* [Extracted information]:
◇ ◇ ◇ ◇

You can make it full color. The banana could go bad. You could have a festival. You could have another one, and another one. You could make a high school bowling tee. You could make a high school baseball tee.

◇ ◇ ◇ ◇

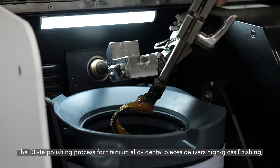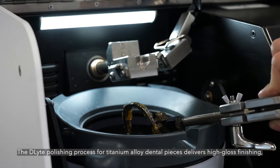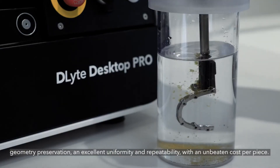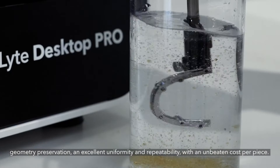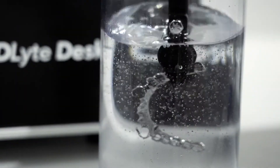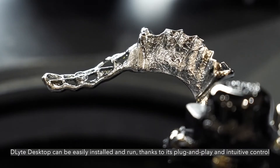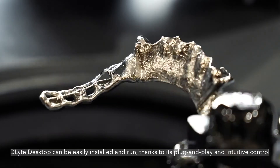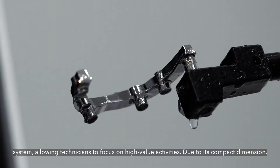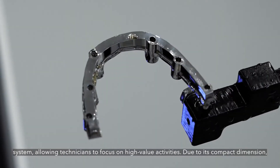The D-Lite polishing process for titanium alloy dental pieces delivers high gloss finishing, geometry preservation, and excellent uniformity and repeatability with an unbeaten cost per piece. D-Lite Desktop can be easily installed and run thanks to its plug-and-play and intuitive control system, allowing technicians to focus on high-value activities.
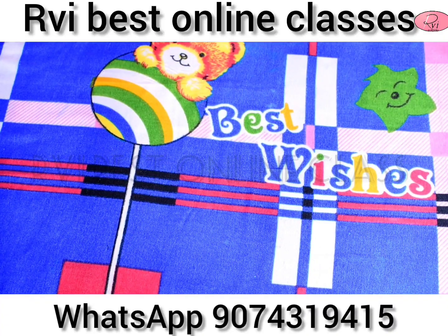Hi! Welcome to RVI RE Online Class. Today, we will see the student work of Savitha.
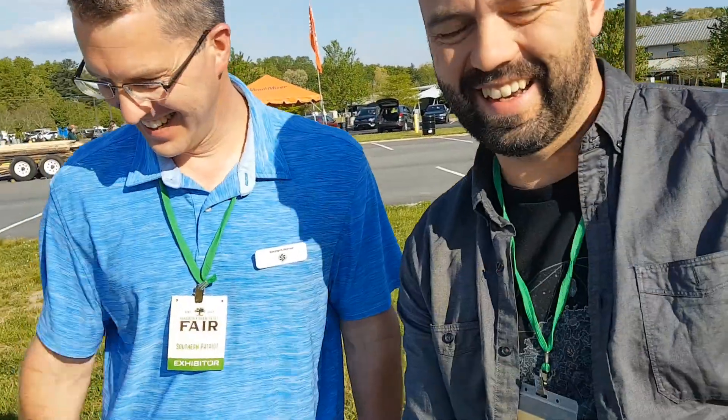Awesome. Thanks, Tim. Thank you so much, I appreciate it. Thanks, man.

◇ ◇ ◇ ◇

* [What you need to do]:
In the records above, find the line with "Hi! Welcome to" and the line with "Awesome. Thanks, Tim.". Write out exactly those lines and every one between, with no pictures and no other lines.

* [Exercise answer]:
Hi! Welcome to RVI RE Online Class. Today, we will see the student work of Savitha.
Awesome. Thanks, Tim. Thank you so much, I appreciate it. Thanks, man.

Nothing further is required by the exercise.